Obligations and Fairness
To Rawls, all obligations stem from the principles of fairness as this allows us to provide a careful judgment of what is duty and obligation and ensure obligations arise only if certain conditions are met. The principles of fairness state: first, that every person has the same right to everything that everyone else has a right to; second, that there is a specific procedure to follow when dealing with unequal rights. The latter approach goes as follows: “leftovers” of goods that everyone has an equal right to shall be distributed in such a way as to most benefit the least well off. One agrees to such a process with the conception that fairness in distribution will be achieved over time as one accumulates benefits. The acceptance of these benefits to advance our position in society creates the obligation to carry out duties. There is also a natural duty to comply that individuals are born into and regulate the scope of our activity and obligations that arise from the rule of promising. The common denominator between these instances of obligation is that they originate from one’s participation in the state and its societal expectations. One could state succinctly that obligations arise from acceptance, whether of goods or societal practices. These are voluntary acts, and laws do not force one to accept goods or uphold promises.

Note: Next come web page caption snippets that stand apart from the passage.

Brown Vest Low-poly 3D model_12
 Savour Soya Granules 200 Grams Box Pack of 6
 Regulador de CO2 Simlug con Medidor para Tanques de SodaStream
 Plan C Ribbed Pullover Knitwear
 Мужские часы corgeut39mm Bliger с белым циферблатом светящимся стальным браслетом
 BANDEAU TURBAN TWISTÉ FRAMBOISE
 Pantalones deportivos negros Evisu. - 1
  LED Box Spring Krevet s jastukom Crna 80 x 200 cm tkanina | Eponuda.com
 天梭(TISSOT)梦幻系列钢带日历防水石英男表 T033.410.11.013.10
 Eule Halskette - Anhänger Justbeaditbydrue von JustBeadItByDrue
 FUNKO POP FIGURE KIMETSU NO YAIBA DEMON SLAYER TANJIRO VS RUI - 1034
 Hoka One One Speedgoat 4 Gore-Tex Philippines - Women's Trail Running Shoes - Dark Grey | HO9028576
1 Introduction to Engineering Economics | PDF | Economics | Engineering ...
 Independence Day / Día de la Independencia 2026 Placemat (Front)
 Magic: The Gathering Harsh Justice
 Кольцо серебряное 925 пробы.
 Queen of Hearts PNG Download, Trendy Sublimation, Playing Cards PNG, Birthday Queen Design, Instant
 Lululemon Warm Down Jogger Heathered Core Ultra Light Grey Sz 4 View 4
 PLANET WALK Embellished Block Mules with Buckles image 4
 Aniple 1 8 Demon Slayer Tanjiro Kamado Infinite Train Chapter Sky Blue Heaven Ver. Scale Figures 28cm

Compliance and Unjust Laws
Rawls feels that injustice is an endogenous problem of a society arising from a conflict of principles. Within a community, individuals place different values on different principles and come to their conception of appropriate priorities. What is unjust to one may seem just to another. To understand how one is to address these concerns, Rawls points us towards what is accepted by the majority of members within a nearly just society; this is majority rule. In a just constitutional society, the constitution is where one would derive what is considered acceptable by society. It would provide the guidelines for compliance. As such, the dictates of the principles of fairness, provided they are adhered to, allow one to choose to live and benefit from the pretense of a constitution governed by majority rule and accept that the majority and compromises share not each individual’s opinions must be made. This would lead to a situation where one may be obligated to comply with unjust laws. However, no society or its institutions are perfect, and they are limited to imperfect procedures, which leads to the development of unjust laws.
Civil Disobedience and its Justifications
When an institution limits either one of the principles of fairness, they create a situation that is considered unjust and invokes a response. Provided this injustice is shared by the majority of those within the community, they must voice their discontent with the insurers of their constitutional rights. In this situation, the minority groups whose rights are infringed upon should ideally work together to form a political alliance while regulating their dissent level, not undermining their institutions or compromising their constitution. To Rawls, this justifies civil disobedience, which he defines as “public, non-violent, conscientious yet political act contrary to law, usually done to bring about a change in the government’s law or policies.” When used in this manner, civil disobedience can be seen as providing the balance needed in a constitutional system, strengthen these institutions, prevent future deviations from justice, and “introduce stability into a well-ordered society.”
Rawls, John. A theory of justice. Harvard university press, 2009.